Ellerinden gelse Kıbrıs Türk halkını da dikenli tellerle sarmalayacaklar!







 Bu aralar gündemde olan ‘Taksim Sahası’nın bulunduğu mekâna eskiden ‘Cirit Hisarı’ da derlerdi. Taksim Sahası çok şeylere tanık oldu. Nice sevinçlere, nice kederlere! Dr. Küçük’ün, Denktaş’ın, Faik Müftüzade’nin, Ahmet Sami’nin, Defteralı’nın, Erol’ların, Erdoğan’ların, Veli’lerin ayak izleri var halen oralarda. Daha kimlerin yok ki! Tümünü saysak sütunlar sığmaz. Kaldı ki 21 Aralık 1963 olaylarında Mehmet Şevket Mertkan ve Hilmi Şevket Mertkan’ın kardeşleri ilk şehidimiz Salahi Şevket’in de yeriydi orası!  

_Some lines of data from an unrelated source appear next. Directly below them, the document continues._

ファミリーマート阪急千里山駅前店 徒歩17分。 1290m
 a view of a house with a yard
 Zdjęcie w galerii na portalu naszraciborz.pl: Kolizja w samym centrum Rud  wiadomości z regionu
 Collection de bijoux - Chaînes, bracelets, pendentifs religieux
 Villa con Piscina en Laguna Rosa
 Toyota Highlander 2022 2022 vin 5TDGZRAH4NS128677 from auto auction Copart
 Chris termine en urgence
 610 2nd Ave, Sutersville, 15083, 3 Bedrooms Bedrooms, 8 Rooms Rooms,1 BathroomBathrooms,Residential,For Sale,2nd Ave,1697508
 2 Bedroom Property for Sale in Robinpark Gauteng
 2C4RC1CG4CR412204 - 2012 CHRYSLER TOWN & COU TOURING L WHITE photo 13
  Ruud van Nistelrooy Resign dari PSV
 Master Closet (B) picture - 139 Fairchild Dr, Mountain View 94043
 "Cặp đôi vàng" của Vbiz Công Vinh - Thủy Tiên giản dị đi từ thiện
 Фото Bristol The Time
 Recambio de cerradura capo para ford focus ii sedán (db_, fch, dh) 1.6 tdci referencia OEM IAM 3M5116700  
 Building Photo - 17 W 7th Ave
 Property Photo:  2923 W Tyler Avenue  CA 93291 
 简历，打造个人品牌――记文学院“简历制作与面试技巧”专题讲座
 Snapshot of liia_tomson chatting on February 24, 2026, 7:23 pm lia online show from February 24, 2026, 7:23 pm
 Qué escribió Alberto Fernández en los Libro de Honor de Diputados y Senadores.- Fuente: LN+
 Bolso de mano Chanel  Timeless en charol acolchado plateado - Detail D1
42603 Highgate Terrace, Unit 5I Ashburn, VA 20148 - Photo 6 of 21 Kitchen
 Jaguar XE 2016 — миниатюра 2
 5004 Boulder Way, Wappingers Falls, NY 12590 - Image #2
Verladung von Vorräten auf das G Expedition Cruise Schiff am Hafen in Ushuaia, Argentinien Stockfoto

   Osmanlı döneminde ‘Cirit Hisarı’ olarak anılan saha, 1958’deki Kıbrıs görüşmelerinde taksim tezinin gündeme gelmesiyle Kıbrıs Türk Halkının Varoluş ve Özgürlük Mücadelesi Lideri Dr. Fazıl Küçük tarafından ‘Taksim Sahası’ olarak isimlendirilmişti. Bunca yıl atıl durumda olan sahanın Türkiye Gençlik ve Spor Bakanlığı’nın finansmanıyla yenilenmesi ve antrenmanlara uygun hale getirilmesi memnuniyet yaratırken, BM Barış Gücü halkımızın sevincini kursağında bıraktı.

   Taksim Sahası konusu her platformda dile getirilirken, Cumhurbaşkanı Ersin Tatar, BM Barış Gücü’nün tarihi surlar üzerinde bulunan merdivenler kısmına yerleştirdiği dikenli tel örgüler ve demir çitlerin tarihi surlara zarar verdiğini, saha kenarlarında bulunan ve yine eski eser olarak kabul edilen tribünlere yerleştirilen varillerin de bu yapıya zarar verdiğini söyledi. Tatar, “BM’nin bu davranışı, sporun ruhuna ve olimpizm felsefesine uymadığı gibi, sporun evrenselliği düşünülmeden yapılan bir harekettir” dedi. Cumhurbaşkanı, sahanın ambargo ve izolasyonlar altında olan Kıbrıs Türk gençliğine Türkiye’nin bir hediyesi olduğunu belirtti.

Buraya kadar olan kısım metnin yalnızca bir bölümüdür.